Set down each line of the material that follows exactly, and leave its pictures out.

■ INFORMATION SHOWN ■
%%

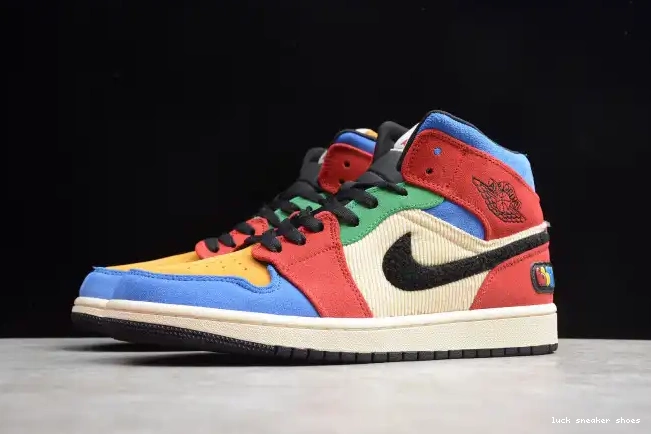 Reps LUCY Fearless Great Air Jordan Blue 1 the SE Mid CU2805-100 0406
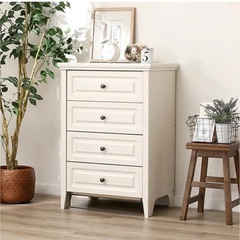 カントリーテイスト4段チェストの画像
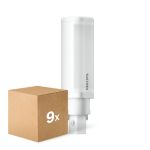 Opakowanie 9x Philips CorePro PL-C LED 5.9W 600lm - 830 Ciepła Biel | 2-Piny - Zamienne 13W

%%

■ ANSWER SPACE ■
 Reps LUCY Fearless Great Air Jordan Blue 1 the SE Mid CU2805-100 0406
 カントリーテイスト4段チェストの画像
 Opakowanie 9x Philips CorePro PL-C LED 5.9W 600lm - 830 Ciepła Biel | 2-Piny - Zamienne 13W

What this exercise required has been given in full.